Konjac glucomannan (KGM) aerogel was prepared by a facile freeze-drying process, which was used as green sustainable biopolymer matrix to synthesis three-dimensional (3D) network interpenetrated KGM-SiO2 aerogel with thermal insulation performance and high mechanical properties. Herein, we explored that the potential structure-performance relationship of KGM aerogel between the physical parameters, morphology and thermal insulation. Besides, the preparation conditions of KGM aerogel including concentration of KGM, Na2CO3-to-KGM mass ratio were investigated.
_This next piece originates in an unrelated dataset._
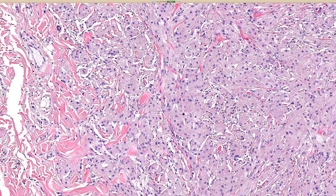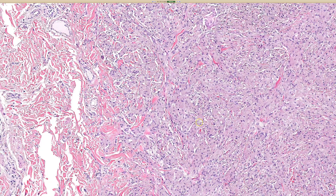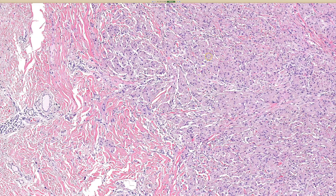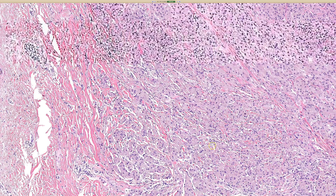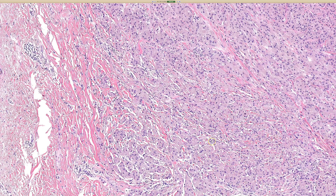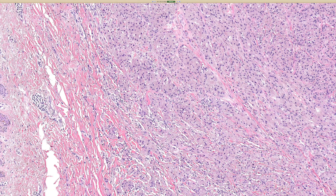These look like histiocytes, but what kind of cells are these actually? They are Schwann cells — which is surprising because they don't look like Schwann cells. This is actually a nerve sheath tumor. It will stain with S100 and SOX10, and it will also stain with CD68, which is a marker that histiocytes stain with, but it's not a specific histiocyte marker.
Meanwhile, the KGM aerogel and KGM-SiO2 aerogel were characterized using scanning electron microscopy, Fourier transform infrared spectrometer, Brunauer-Emmett-Teller method, thermogravimetric analysis and contact angle test. Results showed that the as-prepared KGM aerogel exhibited excellent thermal insulation performance (lambda = 0.021W m(-1) K-1) and low bulk density (rho=0.030 g cm(-3)) when concentration of KGM was 2 wt% and Na2CO3-to-KGM mass ratio of 0.12. In order to improve the mechanical properties and high hydrophobicity of biopolymer aerogel, a novel of KGM-SiO2 aerogel was successful fabricated by incorporating methylsilsesquioxane (MTES) derived SiO2 into the KGM matrix via the freeze-drying method. The obtained aerogel exhibited remarkable compressive strength (delta(max)= 1.65 MPa at 80% strain), high specific surface area of 416.1 m(2) g(-1), high hydrophobicity (theta = 146 degrees for water) and low thermal conductivity of 0.032-0.039W m(-1) K-1. Thus, the high-performance KGM-SiO2 aerogel would be further expand the thermal insulation application in sustainable development and energy-saving building.